Model railroading isn’t a sophisticated fraternity; few French model railroaders know English, nor vice versa. Indeed, virtually all model railroading is concerned with the country where it happens – French layouts in France, American ones in the U.S., German ones in Germany. I seem to be an anomaly, interested in the railways of all the countries – all twelve of them – through which the old Orient-Express traveled. It’s an interest that required a fair knowledge of European history when I started while the two collections have forced the increase of that knowledge through more than forty-five years of unrelenting study. Subscriptions to two French and two German model railway magazines – at an expense I could never afford today – gave me an immersion in the subject few others could have known. Countless – literally countless – technical railroading terms in those two languages (while learning the English terms) along with priceless romantic lore, political and railroading history and a concomitant improvement in my use of those languages were what I gained during those ten years of learning before I let the subscriptions lapse. It was a wide-ranging odyssey in itself, while the knowledge gained became the bedrock of the two collections. The magazines taught me that trains are one thing; understanding their contexts is quite another. Too many model railroaders are interested only in the models and not in the pervasive influences the real trains have exerted upon modern civilization. A train is an almost living organism within its historical and social contexts. Somewhat like the bloodstream, trains carry people and goods through intricate networks to and from the contexts of our lives.

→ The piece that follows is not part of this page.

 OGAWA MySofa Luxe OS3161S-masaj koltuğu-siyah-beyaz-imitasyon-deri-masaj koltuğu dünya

There’s no better example than the Orient-Express. The idea of a train that would run every day, crossing twelve international frontiers without its passengers having to leave the comfort of their compartments and the restaurant car is still revolutionary. Since its first run in 1883, nothing better has been devised, except perhaps, the often dubious advantage of flight.

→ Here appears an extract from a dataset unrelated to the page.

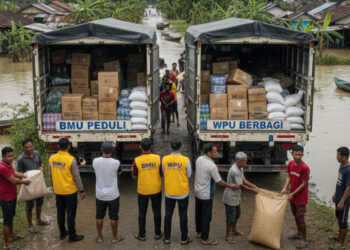 Ilustrasi BMU dan WPU Salurkan Bantuan Lintas Kabupaten untuk Korban Banjir Aceh. FOTO/Net. Ⓒ Hak cipta foto di atas dikembalikan sesungguhnya kepada pemilik foto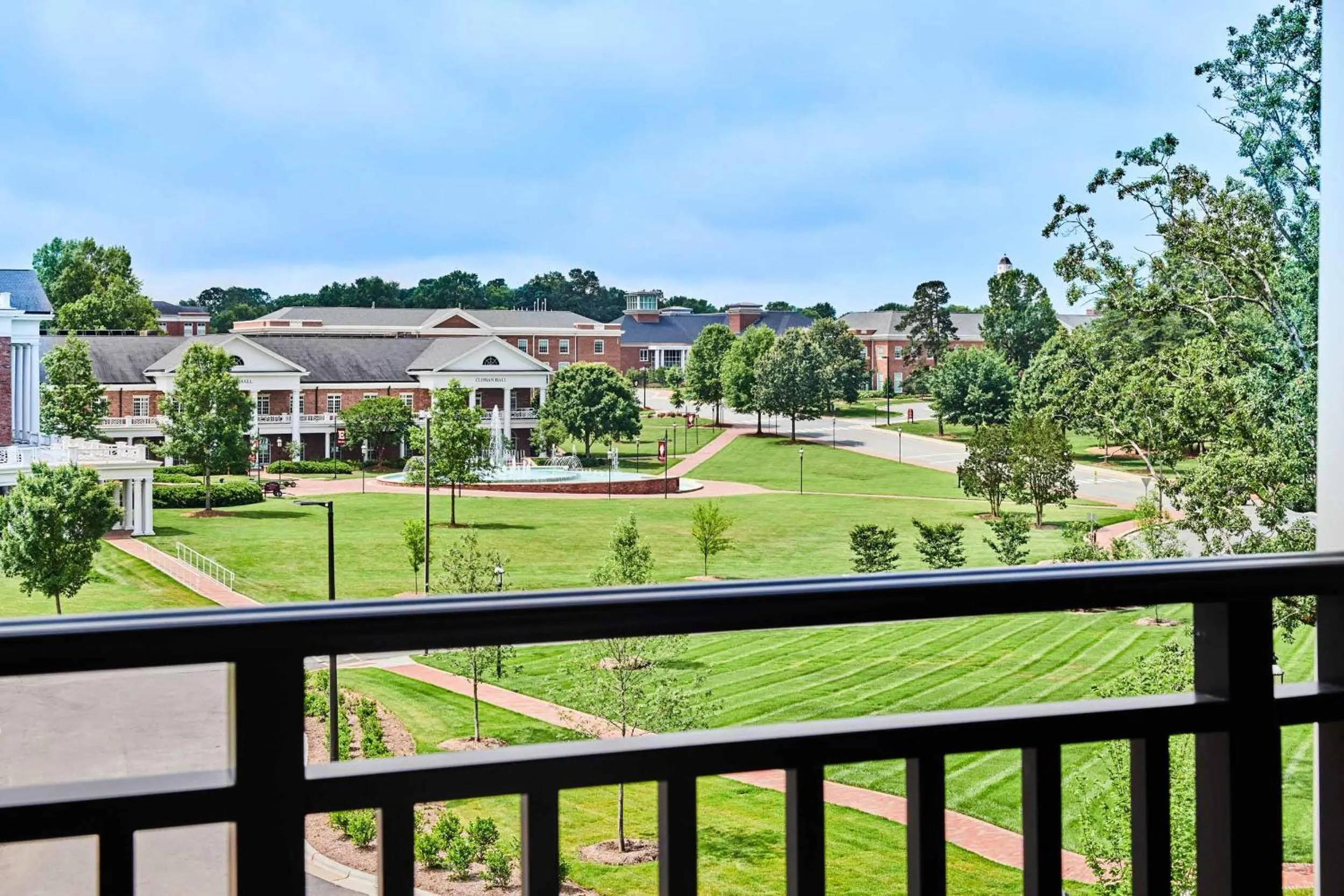 Natural landscape in The Inn at Elon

Now the Orient-Express doesn’t run at all. Superseded finally by superhighways for motor cars and by the airplane, luxury trains would, today, seem too slow, too expensive. Ultra-luxurious latter-day “reincarnations” of the “Orient-Express”, featuring faultlessly restored carriages from the 1920s and ‘30s, run from time to time though they are hyper-expensive and don’t serve useful schedules. In fact, they’re mindlessly exclusive “rides” such as Disney might have dreamed up; not serious rail travel. Like cruise ships that don’t really “go” anywhere, reincarnated luxury trains are meant mostly to recall the comforts and flavors of the heyday of great railway journeys; they don’t take their passengers to necessary destinations.

My trains all represent means of reaching necessary destinations. They’re all working scale models of the real things, as exact as today’s intertwined technologies can make them. In fact, the state-of-the-art has reached the point beyond which it’s hard to imagine much further progress. HO scale carriages of “La Compagnie Internationale des Wagons-Lits et des Grands Express Europeens” now have interior LED lighting totally free from the flicker that annoyed model railroaders for a century. The beds in the sleeping compartments are turned down, awaiting their passengers’ return from the restaurant car where the table lamps are lighted. I’ve lived to see – to own – the trains of dreams from more than 40 – or a hundred – years ago.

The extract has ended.